July 15--SILVERDALE -- The Tracyton fire station will close by the end of the year, Central Kitsap Fire and Rescue commissioners decided unanimously Monday.

Station 44, a volunteer station on Tracy Street, was built in 1963 and requires about $500,000 in repairs, according to a report by Paul Anderson, CKFR repair and maintenance manager.

Rebuilding the station would cost as much as $1.5 million, according to Anderson's report.

Tracyton volunteers will be reassigned to Meadowdale Station 41 on Old Military Road.

A report prepared by CKFR Capt. Greg Platz indicates that the move could be done in 90 days.

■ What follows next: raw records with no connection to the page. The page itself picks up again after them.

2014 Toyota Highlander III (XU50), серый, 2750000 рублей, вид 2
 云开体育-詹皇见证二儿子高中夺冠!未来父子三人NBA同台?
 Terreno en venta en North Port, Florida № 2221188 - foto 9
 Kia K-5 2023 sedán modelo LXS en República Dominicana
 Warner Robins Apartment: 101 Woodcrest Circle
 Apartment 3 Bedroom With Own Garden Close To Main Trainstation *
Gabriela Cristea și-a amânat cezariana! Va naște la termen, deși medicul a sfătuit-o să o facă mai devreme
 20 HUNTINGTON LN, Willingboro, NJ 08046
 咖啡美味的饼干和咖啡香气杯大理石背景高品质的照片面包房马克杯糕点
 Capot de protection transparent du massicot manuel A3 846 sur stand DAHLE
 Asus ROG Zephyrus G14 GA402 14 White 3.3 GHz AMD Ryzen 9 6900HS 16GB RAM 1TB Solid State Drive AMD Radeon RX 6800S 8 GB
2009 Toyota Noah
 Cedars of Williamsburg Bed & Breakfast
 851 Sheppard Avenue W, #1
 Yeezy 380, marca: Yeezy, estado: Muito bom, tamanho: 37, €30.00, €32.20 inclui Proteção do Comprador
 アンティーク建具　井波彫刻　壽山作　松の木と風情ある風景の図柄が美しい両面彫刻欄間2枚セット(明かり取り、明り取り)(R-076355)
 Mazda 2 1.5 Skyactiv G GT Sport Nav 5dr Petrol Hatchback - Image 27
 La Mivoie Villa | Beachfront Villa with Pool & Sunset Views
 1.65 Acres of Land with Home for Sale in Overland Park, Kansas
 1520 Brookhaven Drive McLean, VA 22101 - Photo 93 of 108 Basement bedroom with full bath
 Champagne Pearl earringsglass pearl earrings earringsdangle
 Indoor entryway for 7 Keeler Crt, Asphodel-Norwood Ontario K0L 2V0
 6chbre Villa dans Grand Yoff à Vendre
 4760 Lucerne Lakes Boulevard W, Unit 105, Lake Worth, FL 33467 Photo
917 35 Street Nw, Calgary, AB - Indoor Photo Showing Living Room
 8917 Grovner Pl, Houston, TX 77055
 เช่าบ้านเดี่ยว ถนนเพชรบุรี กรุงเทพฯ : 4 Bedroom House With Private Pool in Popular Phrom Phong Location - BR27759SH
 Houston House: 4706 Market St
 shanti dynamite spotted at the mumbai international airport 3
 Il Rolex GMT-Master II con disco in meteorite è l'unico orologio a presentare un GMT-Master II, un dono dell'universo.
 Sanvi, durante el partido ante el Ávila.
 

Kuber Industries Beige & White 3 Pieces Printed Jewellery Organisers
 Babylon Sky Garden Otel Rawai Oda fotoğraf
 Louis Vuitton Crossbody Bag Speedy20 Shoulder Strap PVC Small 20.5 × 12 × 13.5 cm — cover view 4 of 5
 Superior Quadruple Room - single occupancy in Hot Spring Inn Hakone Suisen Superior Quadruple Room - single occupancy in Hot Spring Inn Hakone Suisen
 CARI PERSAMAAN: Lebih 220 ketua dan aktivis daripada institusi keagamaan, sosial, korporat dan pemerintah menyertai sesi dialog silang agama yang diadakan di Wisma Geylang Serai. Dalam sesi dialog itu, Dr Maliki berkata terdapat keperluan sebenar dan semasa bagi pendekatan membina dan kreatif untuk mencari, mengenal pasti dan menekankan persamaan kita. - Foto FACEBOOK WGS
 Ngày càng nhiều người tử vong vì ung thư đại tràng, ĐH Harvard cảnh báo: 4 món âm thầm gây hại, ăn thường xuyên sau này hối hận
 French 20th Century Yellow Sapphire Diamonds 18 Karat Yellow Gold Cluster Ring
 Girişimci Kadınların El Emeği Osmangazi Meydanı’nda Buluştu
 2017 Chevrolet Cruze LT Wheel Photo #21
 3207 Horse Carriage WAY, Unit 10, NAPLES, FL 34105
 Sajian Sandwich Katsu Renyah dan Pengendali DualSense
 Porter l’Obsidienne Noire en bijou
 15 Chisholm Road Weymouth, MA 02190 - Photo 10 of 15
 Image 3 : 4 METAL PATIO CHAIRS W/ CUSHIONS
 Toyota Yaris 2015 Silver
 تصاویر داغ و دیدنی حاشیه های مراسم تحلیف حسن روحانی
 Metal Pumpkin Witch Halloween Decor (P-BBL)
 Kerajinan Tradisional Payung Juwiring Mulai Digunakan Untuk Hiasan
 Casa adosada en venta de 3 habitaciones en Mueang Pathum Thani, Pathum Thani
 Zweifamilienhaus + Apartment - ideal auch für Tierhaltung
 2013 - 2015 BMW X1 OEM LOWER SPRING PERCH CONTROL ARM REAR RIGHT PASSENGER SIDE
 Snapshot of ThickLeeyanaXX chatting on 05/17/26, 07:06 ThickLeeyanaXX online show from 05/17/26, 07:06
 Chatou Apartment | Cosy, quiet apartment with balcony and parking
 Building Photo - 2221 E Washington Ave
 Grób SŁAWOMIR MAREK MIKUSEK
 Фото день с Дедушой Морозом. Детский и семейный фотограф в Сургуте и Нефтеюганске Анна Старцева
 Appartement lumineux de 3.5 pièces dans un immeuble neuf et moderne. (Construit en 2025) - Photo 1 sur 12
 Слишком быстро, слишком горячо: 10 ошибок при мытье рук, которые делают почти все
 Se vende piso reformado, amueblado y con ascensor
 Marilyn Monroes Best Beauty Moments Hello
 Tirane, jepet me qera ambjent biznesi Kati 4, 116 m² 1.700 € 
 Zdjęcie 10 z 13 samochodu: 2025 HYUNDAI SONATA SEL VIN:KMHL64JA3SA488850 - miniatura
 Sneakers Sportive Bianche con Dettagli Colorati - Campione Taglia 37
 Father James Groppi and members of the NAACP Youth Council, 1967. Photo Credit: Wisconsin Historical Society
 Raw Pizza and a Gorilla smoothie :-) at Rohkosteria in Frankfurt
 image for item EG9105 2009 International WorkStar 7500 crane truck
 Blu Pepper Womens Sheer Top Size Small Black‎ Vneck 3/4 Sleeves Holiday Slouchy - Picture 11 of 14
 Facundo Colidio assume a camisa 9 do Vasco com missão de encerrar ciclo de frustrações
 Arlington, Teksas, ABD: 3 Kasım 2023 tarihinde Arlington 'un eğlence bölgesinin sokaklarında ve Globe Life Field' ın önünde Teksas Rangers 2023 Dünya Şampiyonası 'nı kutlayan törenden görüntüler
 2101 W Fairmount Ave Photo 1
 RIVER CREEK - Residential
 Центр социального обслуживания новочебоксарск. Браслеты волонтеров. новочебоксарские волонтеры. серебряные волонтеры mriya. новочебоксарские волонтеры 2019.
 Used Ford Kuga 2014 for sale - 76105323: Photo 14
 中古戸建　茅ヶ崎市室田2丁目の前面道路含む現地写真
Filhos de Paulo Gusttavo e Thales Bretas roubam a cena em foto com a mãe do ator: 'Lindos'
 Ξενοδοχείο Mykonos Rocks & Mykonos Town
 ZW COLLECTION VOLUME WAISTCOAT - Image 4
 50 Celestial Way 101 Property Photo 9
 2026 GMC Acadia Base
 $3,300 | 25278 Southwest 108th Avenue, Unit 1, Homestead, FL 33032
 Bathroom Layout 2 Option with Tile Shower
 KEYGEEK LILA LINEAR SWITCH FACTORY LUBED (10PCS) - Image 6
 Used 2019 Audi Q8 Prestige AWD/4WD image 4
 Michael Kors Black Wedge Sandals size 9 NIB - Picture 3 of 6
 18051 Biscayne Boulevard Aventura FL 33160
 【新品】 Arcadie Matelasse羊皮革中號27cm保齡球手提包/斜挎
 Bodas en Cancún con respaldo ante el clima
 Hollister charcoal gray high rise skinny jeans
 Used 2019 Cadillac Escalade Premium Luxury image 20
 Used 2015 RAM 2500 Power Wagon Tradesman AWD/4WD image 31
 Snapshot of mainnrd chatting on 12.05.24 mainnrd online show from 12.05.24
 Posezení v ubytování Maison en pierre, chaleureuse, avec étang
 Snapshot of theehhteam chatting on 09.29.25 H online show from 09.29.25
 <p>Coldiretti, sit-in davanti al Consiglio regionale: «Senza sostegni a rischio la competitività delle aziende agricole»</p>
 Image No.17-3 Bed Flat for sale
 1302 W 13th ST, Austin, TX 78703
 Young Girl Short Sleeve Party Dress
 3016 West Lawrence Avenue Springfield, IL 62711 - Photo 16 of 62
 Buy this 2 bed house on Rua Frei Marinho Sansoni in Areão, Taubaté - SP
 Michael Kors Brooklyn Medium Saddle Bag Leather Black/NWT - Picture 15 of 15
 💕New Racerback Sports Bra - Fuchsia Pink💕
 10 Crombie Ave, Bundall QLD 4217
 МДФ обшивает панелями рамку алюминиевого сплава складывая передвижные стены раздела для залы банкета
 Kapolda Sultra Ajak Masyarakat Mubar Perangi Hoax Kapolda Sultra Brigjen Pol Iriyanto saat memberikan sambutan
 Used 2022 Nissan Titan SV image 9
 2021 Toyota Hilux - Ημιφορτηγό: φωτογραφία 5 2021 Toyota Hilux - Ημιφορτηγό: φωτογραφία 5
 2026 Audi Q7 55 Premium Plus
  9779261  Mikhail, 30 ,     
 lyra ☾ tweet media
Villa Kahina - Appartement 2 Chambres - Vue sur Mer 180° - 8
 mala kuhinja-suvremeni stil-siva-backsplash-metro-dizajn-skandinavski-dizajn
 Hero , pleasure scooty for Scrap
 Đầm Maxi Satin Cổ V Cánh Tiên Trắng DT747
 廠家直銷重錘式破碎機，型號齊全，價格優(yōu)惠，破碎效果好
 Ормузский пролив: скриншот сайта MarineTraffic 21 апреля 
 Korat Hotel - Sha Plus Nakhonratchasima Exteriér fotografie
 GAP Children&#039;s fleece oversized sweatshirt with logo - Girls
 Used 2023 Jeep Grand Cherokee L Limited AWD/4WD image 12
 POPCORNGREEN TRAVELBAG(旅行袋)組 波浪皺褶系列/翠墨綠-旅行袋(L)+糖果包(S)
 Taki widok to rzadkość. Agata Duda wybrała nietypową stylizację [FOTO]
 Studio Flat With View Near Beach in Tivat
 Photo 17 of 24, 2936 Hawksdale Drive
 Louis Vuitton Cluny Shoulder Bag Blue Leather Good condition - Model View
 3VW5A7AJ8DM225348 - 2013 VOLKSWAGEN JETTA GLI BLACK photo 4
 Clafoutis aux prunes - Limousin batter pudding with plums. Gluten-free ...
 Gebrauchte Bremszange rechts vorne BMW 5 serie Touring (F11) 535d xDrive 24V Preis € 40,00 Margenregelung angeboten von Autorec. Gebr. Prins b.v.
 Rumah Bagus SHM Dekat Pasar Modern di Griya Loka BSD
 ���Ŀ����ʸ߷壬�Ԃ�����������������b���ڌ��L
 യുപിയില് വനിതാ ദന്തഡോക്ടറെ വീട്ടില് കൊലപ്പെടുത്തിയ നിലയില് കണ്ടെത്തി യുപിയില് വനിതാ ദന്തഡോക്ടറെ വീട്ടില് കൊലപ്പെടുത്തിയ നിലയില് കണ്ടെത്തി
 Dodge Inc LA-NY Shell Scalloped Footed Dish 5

According to Platz's report, Station 41 needs $25,650 worth of additional equipment and upgrades to accommodate the move. That includes $3,300 for new computers and phones for volunteer use, $4,000 for dorm room upgrades, $4,000 for office furniture and filing cabinets, and $3,000 for bunker gear racks to store outfits used to fight fires.

Other listed items include $2,450 for new televisions and DVD players, $2,400 for three new recliners and $3,000 for a new projector.

Because of the overlapping coverage areas in the district, response times and insurance rates in the Tracyton area will not be affected, according to CKFR.

From 2009 to 2013, there were 3,404 calls in the Tracyton station coverage area and Tracyton volunteers were one of the top three stations on scene in their coverage area nearly 2,970 times.

Tracyton station staff were first on scene for about 60 of those calls, 1.82 percent of the time. Station 41 staff was the first on scene nearly 70 percent of the time in the same coverage area.

Tracyton resident Gary Keenan, who spoke Monday and during a March meeting on the closure, said that the repair costs estimated for the Tracyton Station were too high. He also questioned the need for maintenance there.

"I don't really see those problems," Keenan said. "I think your numbers have been created to look that way."

He also said that he did not think it was fair to compare response times of a volunteer station to a full-time staff station.

Keenan was the only person to comment on the station potentially closing before the commissioners voted.

What ultimately becomes of the property remains unknown. The board has discussed designating it as surplus, a precursor to sale. But Commissioner Dick West suggested seeing how the closure affects CKFR before selling the station.